**TASK**
I'd like an exact copy of every line from the start of the entries below through the line containing "Huawei | Debug", please.

**LISTED RECORDS**
━━━━━━━━━━━━━━━━━━━━━━━━━━━━━━

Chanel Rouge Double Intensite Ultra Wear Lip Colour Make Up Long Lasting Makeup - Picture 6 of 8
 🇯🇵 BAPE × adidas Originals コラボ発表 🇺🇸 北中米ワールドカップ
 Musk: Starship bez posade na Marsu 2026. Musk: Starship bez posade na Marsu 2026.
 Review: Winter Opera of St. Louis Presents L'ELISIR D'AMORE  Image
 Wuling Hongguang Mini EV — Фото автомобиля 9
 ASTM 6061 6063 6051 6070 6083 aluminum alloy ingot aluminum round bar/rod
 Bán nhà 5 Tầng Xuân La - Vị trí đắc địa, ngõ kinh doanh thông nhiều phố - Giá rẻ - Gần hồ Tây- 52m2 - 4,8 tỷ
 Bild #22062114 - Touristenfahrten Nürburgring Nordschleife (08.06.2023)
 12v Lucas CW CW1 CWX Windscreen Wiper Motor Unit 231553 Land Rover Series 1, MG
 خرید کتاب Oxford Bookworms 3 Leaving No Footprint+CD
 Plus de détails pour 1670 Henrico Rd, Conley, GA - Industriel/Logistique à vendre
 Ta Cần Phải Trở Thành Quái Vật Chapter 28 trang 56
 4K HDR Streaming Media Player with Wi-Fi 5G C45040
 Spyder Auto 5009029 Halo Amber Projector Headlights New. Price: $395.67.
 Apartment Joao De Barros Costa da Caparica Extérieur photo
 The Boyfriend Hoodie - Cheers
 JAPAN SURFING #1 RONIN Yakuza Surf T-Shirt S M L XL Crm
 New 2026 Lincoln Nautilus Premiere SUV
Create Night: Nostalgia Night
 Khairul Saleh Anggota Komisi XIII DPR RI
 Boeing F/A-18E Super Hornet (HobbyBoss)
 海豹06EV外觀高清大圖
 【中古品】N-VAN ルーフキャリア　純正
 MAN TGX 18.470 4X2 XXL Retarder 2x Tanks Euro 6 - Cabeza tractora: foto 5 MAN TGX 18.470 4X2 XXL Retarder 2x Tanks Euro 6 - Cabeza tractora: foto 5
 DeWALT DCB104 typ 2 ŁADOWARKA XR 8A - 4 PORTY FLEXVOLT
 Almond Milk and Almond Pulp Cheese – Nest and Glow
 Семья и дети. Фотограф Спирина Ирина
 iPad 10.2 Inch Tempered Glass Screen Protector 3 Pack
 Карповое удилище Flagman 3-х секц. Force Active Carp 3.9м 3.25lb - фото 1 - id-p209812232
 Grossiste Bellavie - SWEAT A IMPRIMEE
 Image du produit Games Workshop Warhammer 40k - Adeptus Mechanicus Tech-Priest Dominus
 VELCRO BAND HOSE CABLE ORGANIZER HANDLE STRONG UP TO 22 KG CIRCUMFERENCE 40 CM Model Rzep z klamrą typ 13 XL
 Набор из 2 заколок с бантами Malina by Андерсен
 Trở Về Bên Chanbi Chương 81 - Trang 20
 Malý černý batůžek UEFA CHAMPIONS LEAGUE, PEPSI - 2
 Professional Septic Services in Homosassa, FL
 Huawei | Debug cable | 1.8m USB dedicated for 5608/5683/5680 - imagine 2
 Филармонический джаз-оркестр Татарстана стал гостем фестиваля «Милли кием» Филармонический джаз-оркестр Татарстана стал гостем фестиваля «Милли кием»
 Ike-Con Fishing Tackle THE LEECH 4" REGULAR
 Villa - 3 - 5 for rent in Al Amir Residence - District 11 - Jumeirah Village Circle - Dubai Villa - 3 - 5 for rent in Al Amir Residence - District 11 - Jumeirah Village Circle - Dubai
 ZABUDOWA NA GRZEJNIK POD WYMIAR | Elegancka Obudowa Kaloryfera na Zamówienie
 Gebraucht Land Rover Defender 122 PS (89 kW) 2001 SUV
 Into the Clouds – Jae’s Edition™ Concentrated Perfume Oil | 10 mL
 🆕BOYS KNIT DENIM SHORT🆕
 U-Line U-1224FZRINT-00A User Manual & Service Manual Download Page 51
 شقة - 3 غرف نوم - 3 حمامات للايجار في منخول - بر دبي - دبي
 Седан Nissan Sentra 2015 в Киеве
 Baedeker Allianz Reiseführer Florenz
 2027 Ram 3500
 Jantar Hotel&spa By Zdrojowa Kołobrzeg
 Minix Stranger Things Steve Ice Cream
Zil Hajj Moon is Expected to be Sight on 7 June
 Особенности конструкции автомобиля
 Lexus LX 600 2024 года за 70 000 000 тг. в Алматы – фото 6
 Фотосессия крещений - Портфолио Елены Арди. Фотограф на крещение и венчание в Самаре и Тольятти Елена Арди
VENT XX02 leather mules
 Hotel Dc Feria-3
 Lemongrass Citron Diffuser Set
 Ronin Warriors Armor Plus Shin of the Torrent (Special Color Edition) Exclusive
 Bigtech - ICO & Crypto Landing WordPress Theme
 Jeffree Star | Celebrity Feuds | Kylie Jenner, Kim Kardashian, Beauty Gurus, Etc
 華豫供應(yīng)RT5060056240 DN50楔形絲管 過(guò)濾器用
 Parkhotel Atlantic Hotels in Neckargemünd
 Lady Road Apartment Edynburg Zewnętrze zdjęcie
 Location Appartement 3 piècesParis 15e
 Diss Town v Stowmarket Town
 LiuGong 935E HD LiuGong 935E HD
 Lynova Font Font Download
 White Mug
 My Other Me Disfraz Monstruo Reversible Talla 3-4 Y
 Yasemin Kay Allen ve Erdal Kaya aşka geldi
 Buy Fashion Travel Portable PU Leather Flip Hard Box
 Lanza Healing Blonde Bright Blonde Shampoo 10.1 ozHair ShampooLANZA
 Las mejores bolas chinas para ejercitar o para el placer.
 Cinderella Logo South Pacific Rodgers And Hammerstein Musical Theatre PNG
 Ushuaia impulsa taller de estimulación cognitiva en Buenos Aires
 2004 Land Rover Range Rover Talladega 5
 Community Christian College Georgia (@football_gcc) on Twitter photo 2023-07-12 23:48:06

━━━━━━━━━━━━━━━━━━━━━━━━━━━━━━

**COMPLETED TASK**
Chanel Rouge Double Intensite Ultra Wear Lip Colour Make Up Long Lasting Makeup - Picture 6 of 8
 🇯🇵 BAPE × adidas Originals コラボ発表 🇺🇸 北中米ワールドカップ
 Musk: Starship bez posade na Marsu 2026. Musk: Starship bez posade na Marsu 2026.
 Review: Winter Opera of St. Louis Presents L'ELISIR D'AMORE  Image
 Wuling Hongguang Mini EV — Фото автомобиля 9
 ASTM 6061 6063 6051 6070 6083 aluminum alloy ingot aluminum round bar/rod
 Bán nhà 5 Tầng Xuân La - Vị trí đắc địa, ngõ kinh doanh thông nhiều phố - Giá rẻ - Gần hồ Tây- 52m2 - 4,8 tỷ
 Bild #22062114 - Touristenfahrten Nürburgring Nordschleife (08.06.2023)
 12v Lucas CW CW1 CWX Windscreen Wiper Motor Unit 231553 Land Rover Series 1, MG
 خرید کتاب Oxford Bookworms 3 Leaving No Footprint+CD
 Plus de détails pour 1670 Henrico Rd, Conley, GA - Industriel/Logistique à vendre
 Ta Cần Phải Trở Thành Quái Vật Chapter 28 trang 56
 4K HDR Streaming Media Player with Wi-Fi 5G C45040
 Spyder Auto 5009029 Halo Amber Projector Headlights New. Price: $395.67.
 Apartment Joao De Barros Costa da Caparica Extérieur photo
 The Boyfriend Hoodie - Cheers
 JAPAN SURFING #1 RONIN Yakuza Surf T-Shirt S M L XL Crm
 New 2026 Lincoln Nautilus Premiere SUV
Create Night: Nostalgia Night
 Khairul Saleh Anggota Komisi XIII DPR RI
 Boeing F/A-18E Super Hornet (HobbyBoss)
 海豹06EV外觀高清大圖
 【中古品】N-VAN ルーフキャリア　純正
 MAN TGX 18.470 4X2 XXL Retarder 2x Tanks Euro 6 - Cabeza tractora: foto 5 MAN TGX 18.470 4X2 XXL Retarder 2x Tanks Euro 6 - Cabeza tractora: foto 5
 DeWALT DCB104 typ 2 ŁADOWARKA XR 8A - 4 PORTY FLEXVOLT
 Almond Milk and Almond Pulp Cheese – Nest and Glow
 Семья и дети. Фотограф Спирина Ирина
 iPad 10.2 Inch Tempered Glass Screen Protector 3 Pack
 Карповое удилище Flagman 3-х секц. Force Active Carp 3.9м 3.25lb - фото 1 - id-p209812232
 Grossiste Bellavie - SWEAT A IMPRIMEE
 Image du produit Games Workshop Warhammer 40k - Adeptus Mechanicus Tech-Priest Dominus
 VELCRO BAND HOSE CABLE ORGANIZER HANDLE STRONG UP TO 22 KG CIRCUMFERENCE 40 CM Model Rzep z klamrą typ 13 XL
 Набор из 2 заколок с бантами Malina by Андерсен
 Trở Về Bên Chanbi Chương 81 - Trang 20
 Malý černý batůžek UEFA CHAMPIONS LEAGUE, PEPSI - 2
 Professional Septic Services in Homosassa, FL
 Huawei | Debug cable | 1.8m USB dedicated for 5608/5683/5680 - imagine 2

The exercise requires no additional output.